Machiavelli eventually placed this judgement at the very heart of his analysis of political leadership in The Prince. However, he first registered the insight much earlier, in the course of his active career as a diplomat. Furthermore, it is clear from his Legations that the generalization first struck him less as a result of his own reflections than through listening to, and subsequently thinking about, the views of two of the shrewdest politicians with whom he came into contact. The point was first put to him on the day of Julius II’s election to the pontificate. Machiavelli found himself drawn into conversation with Francesco Soderini, cardinal of Volterra and brother of Piero Soderini, the leader (gonfaloniere) of Florence’s government. The cardinal assured him that ‘not for many years has our city had so much to hope for from a new pope as from the present one’. ‘But only’, he added, ‘if you know how to harmonise with the times’ (L 593). Two years later, Machiavelli met with the same judgement in the course of negotiating with Pandolfo Petrucci, the lord of Siena, whom he was later to mention admiringly in The Prince as ‘a very able man’ (85). Machiavelli had been commissioned by the signoria to demand the reasons for ‘all the tricks and intrigues’ which had marked Pandolfo’s dealings with Florence (L 911). Pandolfo responded with an effrontery that evidently impressed Machiavelli very much. ‘Wishing to make as few mistakes as possible,’ he replied, ‘I conduct my government day by day, and arrange my affairs hour by hour; because the times are more powerful than our brains’ (L 912).
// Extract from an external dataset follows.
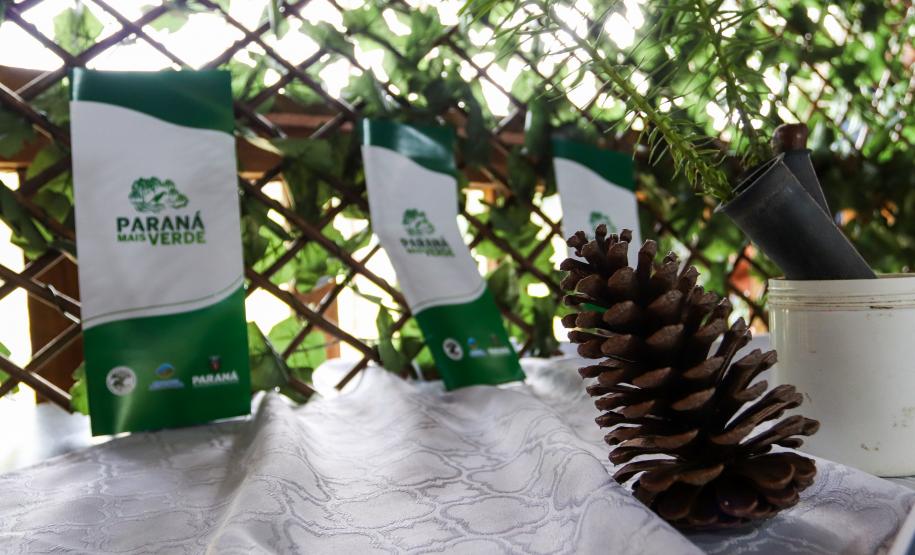 cenas do evento e de espécimes da flora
Although Machiavelli’s pronouncements on the rulers of his age are in general severely critical, it would be misleading to conclude that he regarded the entire record of contemporary statecraft as nothing more than a history of crimes, follies, and misfortunes. At several moments in his diplomatic career he was able to watch a political problem being confronted and resolved in a manner that not only commanded his unequivocal admiration, but also exercised a clear influence on his own theories of political leadership. One such incident occurred in 1503, in the course of the protracted battle of wits between Cesare Borgia and the pope. Machiavelli was fascinated to see how Julius would cope with the dilemma raised by the duke’s presence at the papal court. As he reminded the Ten of War, ‘the hatred his holiness has always felt’ for Borgia ‘is well-known’, but this hardly alters the fact that Borgia ‘has been more help to him than anyone else’ in securing his election, as a result of which he ‘has made the duke a number of very large promises’ (L 599). The problem seemed insoluble: how could Julius hope to achieve any freedom of action without at the same time violating his solemn pledge?